How to Navigate This in 2026
Waiting for a "final" end to the trade war is probably a bad strategy. Most experts, like those at J.P. Morgan, think we are headed toward a permanent "selective decoupling." We’ll trade soybeans and sneakers, but maybe not software and sensors.
Actionable Insights for Businesses:
- Check your HTS Codes: If you’re exporting, make sure your Harmonized Tariff Schedule codes are 100% accurate. Misclassification is the easiest way to get hit with a "penalty" that acts like a 40% tariff.
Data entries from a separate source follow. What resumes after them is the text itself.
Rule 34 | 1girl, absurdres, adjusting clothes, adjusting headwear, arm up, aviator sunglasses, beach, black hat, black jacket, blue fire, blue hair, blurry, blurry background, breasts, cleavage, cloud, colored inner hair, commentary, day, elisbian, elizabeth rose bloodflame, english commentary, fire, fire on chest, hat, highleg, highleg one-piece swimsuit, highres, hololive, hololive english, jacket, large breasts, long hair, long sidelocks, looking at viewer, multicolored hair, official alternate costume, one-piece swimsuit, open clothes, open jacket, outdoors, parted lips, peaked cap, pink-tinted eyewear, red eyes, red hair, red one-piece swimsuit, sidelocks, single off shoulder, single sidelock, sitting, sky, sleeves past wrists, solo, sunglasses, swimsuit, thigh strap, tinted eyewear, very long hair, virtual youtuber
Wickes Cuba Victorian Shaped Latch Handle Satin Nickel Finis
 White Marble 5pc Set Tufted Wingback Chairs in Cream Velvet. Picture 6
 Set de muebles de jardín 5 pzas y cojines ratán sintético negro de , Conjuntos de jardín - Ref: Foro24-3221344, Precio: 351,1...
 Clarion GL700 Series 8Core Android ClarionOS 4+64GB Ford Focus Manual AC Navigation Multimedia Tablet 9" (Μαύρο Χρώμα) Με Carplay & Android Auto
- Utilize the Exclusion Process: China has extended its market-based tariff exclusion process through December 31, 2026. This allows Chinese importers to apply for a waiver on certain US goods if they can prove they can't get them elsewhere.
- Watch the November Deadline: The current "peace" expires on November 10, 2026. If you have shipments planned for late Q4, you might want to move them earlier in the year to avoid a potential "cliff" if the deal isn't renewed.
- Diversify Markets: Follow the lead of companies moving toward "China Plus One." Even if the tariffs stay suspended, the volatility itself is a cost. Exploring secondary markets in Vietnam or India isn't just a trend; it's basic risk management now.
The situation is stable for the moment, but it's a "fragile" stable. Keeping a close eye on the White House fact sheets and the Chinese Ministry of Commerce (MOFCOM) updates is the only way to not get blindsided.